Performance Guide

Parallel Test Execution: Run Your Test Suite 10x Faster

By Pavel Borji··Founder @ Assrt

A complete guide to parallelizing your test suite for maximum speed. Covers Playwright workers, CI/CD sharding, cross-browser strategies, and the architecture patterns that make tests safe to run concurrently.

Much faster

Teams that parallelize across workers and CI shards consistently see a dramatic reduction in test suite execution time compared to sequential runs.

1. Why Sequential Testing Fails at Scale

When your test suite is small, sequential execution works fine. Twenty tests running one after another might take three minutes. Developers barely notice the wait. But test suites grow. Features get added. Edge cases get covered. Before long, you have 500 tests and the suite takes 45 minutes to complete.

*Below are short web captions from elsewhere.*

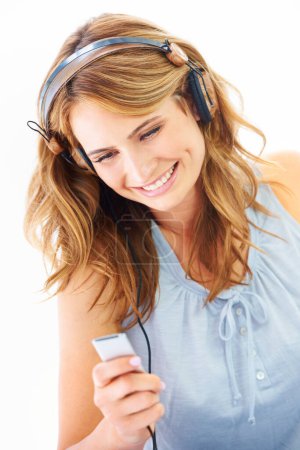 Photo for Woman, headphones and music device in studio for online streaming, listening or radio playlist. Female person, white background and audio hear for album happy or dancing electronics, track for relax. - Royalty Free Image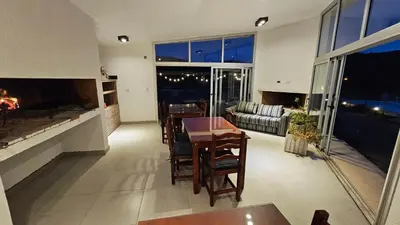 a living room with a table and a fireplace at Los Cóndores Aparts. in Villa General Belgrano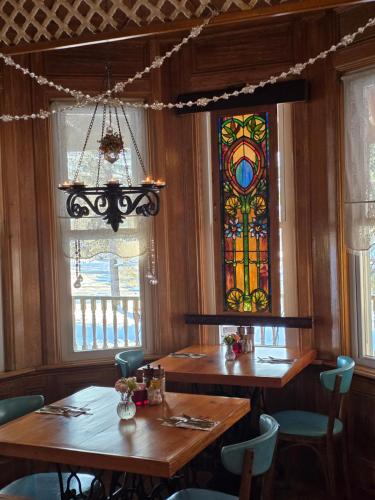 a dining room with two tables and a stained glass window at Albergo Allegria Hotel & Breakfast Restaurant in Windham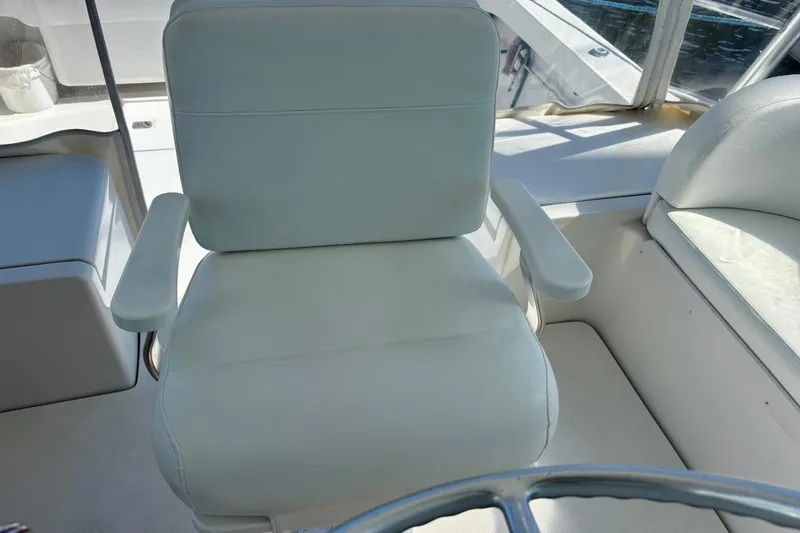 Slide: The Image of Captain's chair on 2002 Luhrs 32 Open boat, featuring white upholstery and armrests. - 24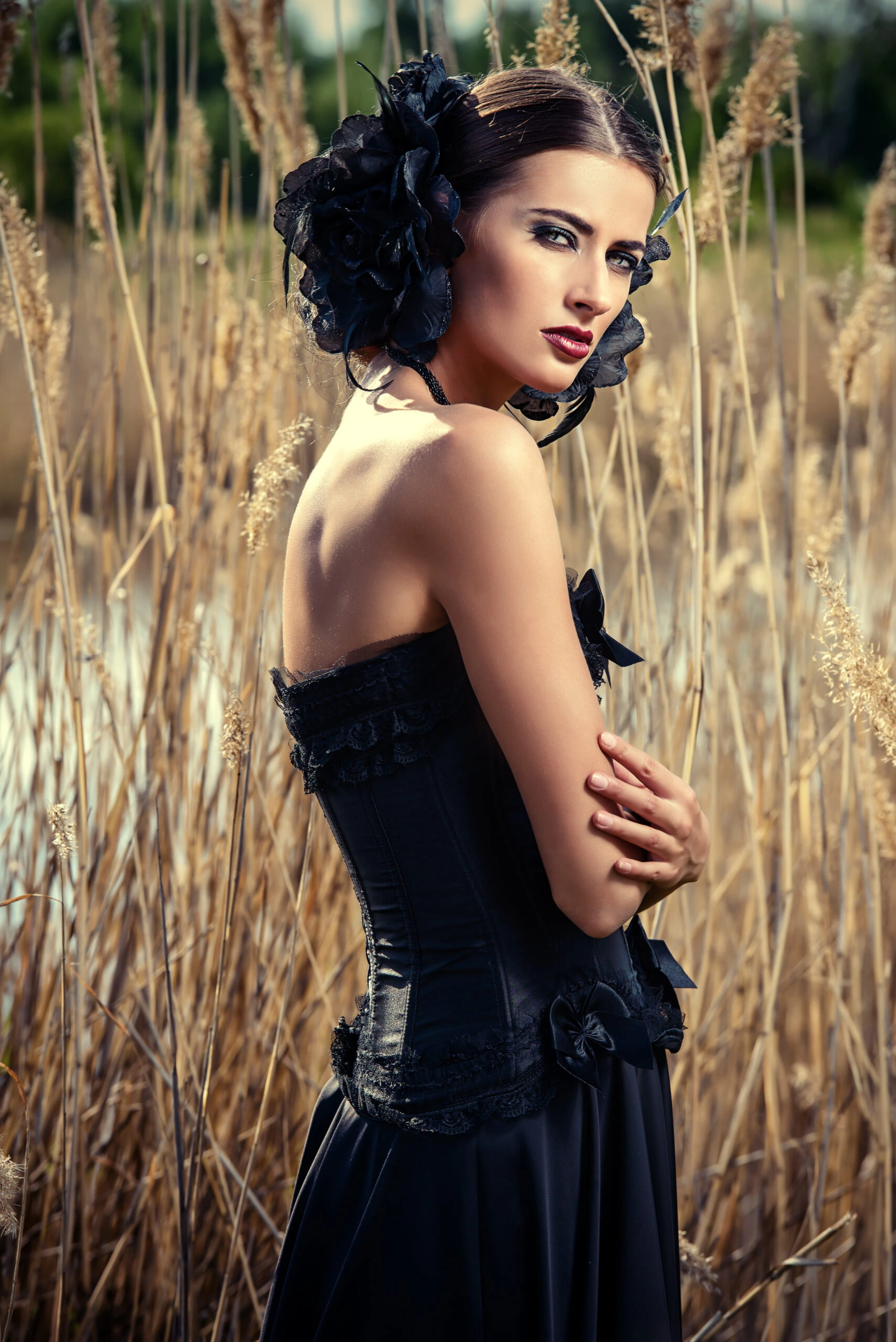 Elegant woman in a gothic-inspired black corset dress with dark floral headpiece, posing in a field of tall reeds.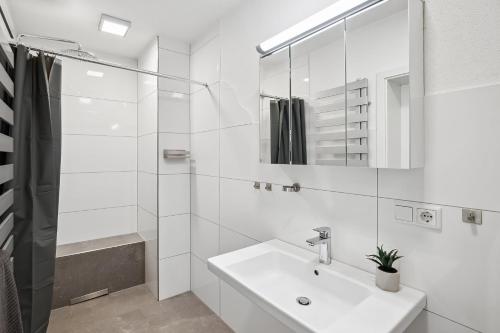 a white bathroom with a sink and a shower at MONTEUR - Unterkunft für bis zu 5 Personen in 63452 Hanau - HU08b in Hanau am Main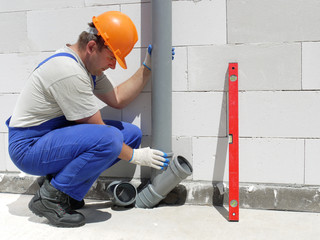 Plumber at work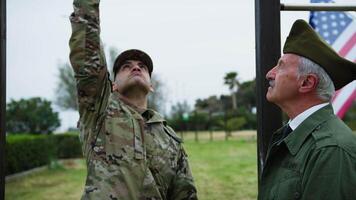 Elderly General Checks The Physical Strength Of The Military Cadet With Pull-ups video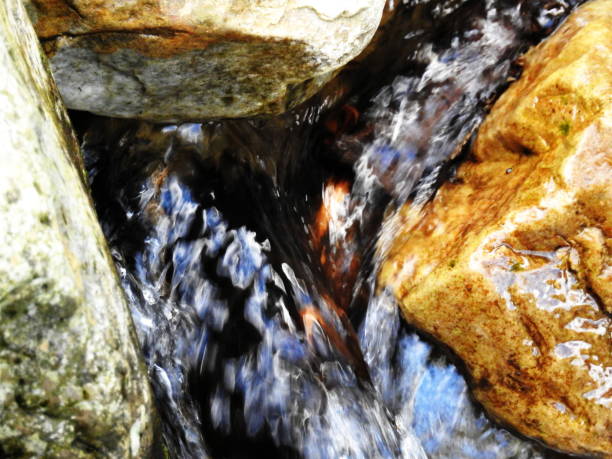 istock Water runs between the stones of the river 1266796002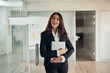 © Flamingo Images - Laughing businesswoman standing at the door of an office boardroom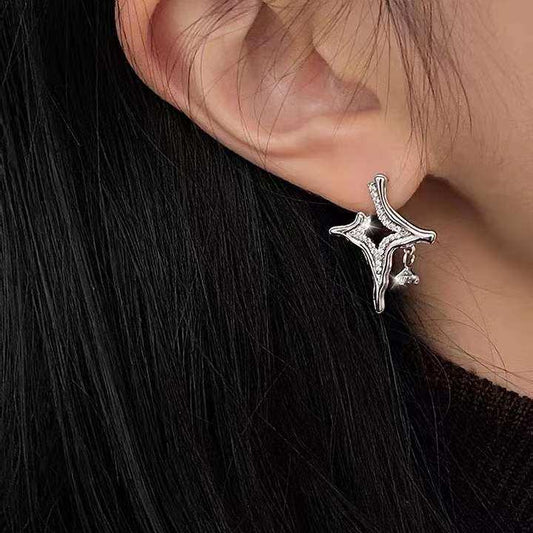 Asterism Rhinestone Earrings with geometric metal design and sparkling rhinestones.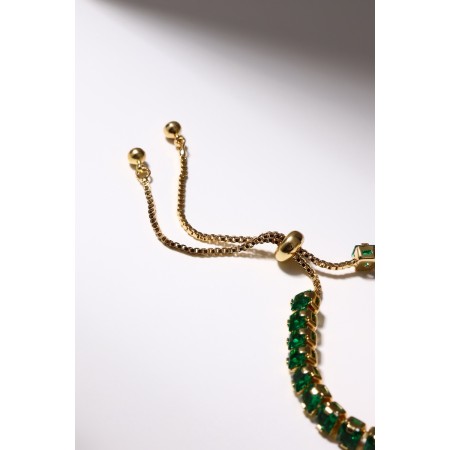 Bracelet with rhinestones "shine" on a puff, emerald color in gold-2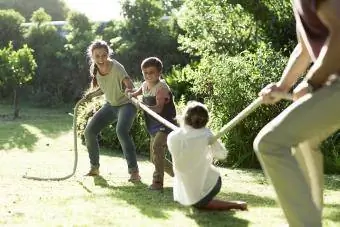 Ģimene parkā spēlē virves vilkšanu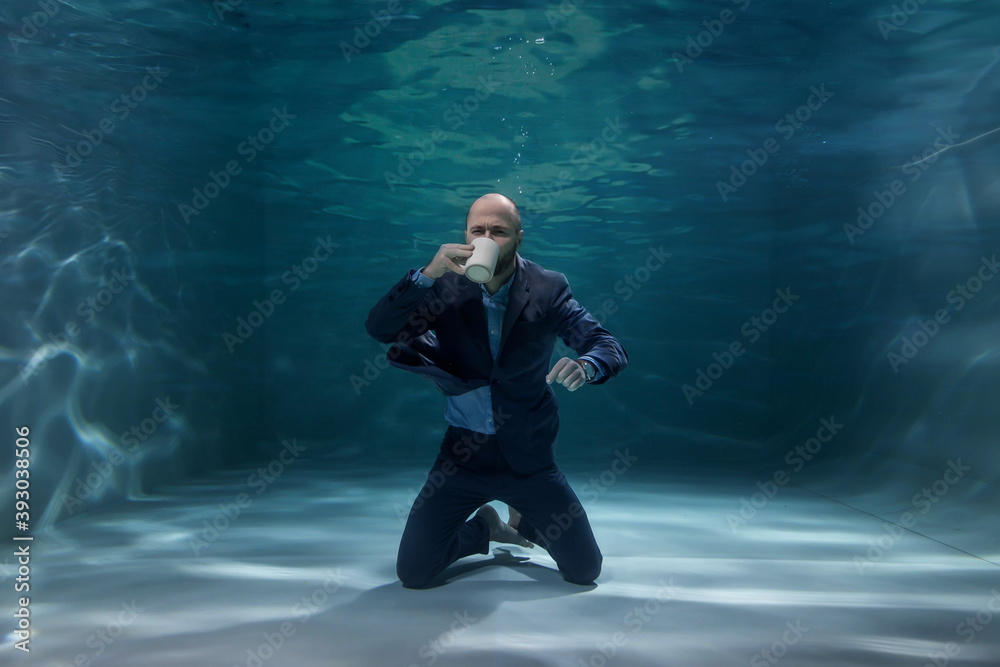 Young businessman drinking coffee in morning underwater. Emotional man with mug at bottom of pond, enjoying taste. Concept of working time making business decision at beginning of day. Copy space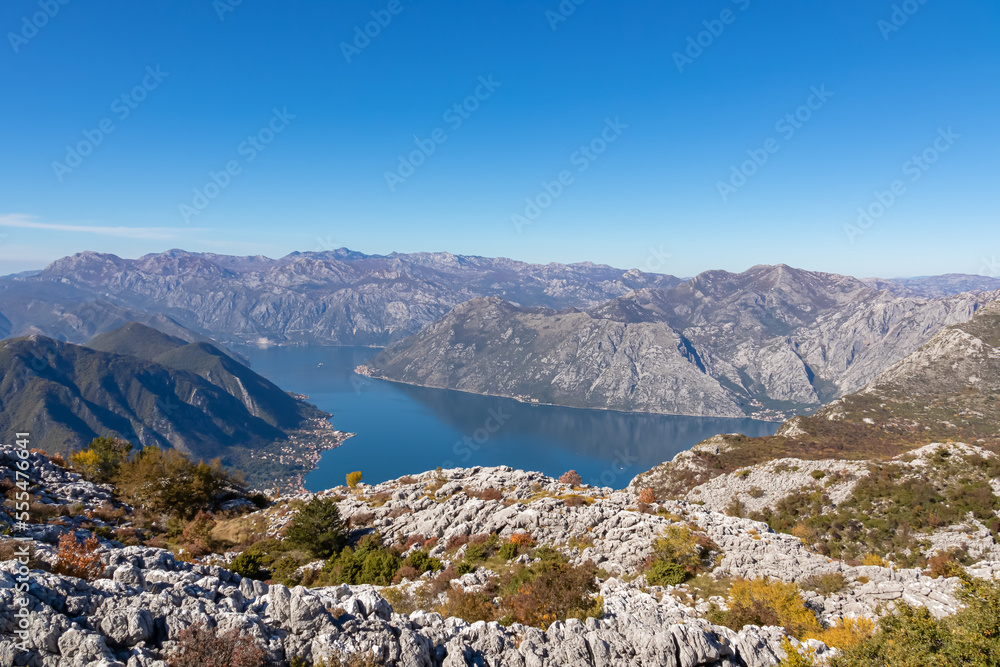 Obraz premium Panoramic view from Pestingrad (Derinski Vrh) of Kotor bay in sunny summer, Adriatic Mediterranean Sea, Montenegro, Balkan Peninsula, Europe. Fjord winding along coastal towns. Lovcen, Orjen mountains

A 45-minute test suite creates a cascade of problems. Developers stop running tests locally because they cannot afford to wait. Pull request feedback loops stretch to an hour. Engineers start batching changes into larger PRs to avoid triggering multiple long CI runs, which makes code review harder and merges riskier. Some teams start skipping E2E tests entirely on certain branches, creating blind spots where bugs slip through.

The math is straightforward. If each E2E test takes an average of 5 seconds (including browser startup, navigation, assertions, and teardown), 500 tests will take roughly 2,500 seconds or about 42 minutes. That is just the tests themselves, not counting CI setup, dependency installation, or build time. With those overhead costs, you are looking at 50 to 60 minutes from push to green.

The CI bottleneck also has a dollar cost. Longer pipelines consume more compute minutes. On GitHub Actions, a 45-minute run on ubuntu-latest costs roughly $0.36. If your team pushes 50 times per day, that is $18 daily or $540 per month just for E2E test execution. Cutting that to 5 minutes through parallelization saves $480 per month while making developers dramatically more productive.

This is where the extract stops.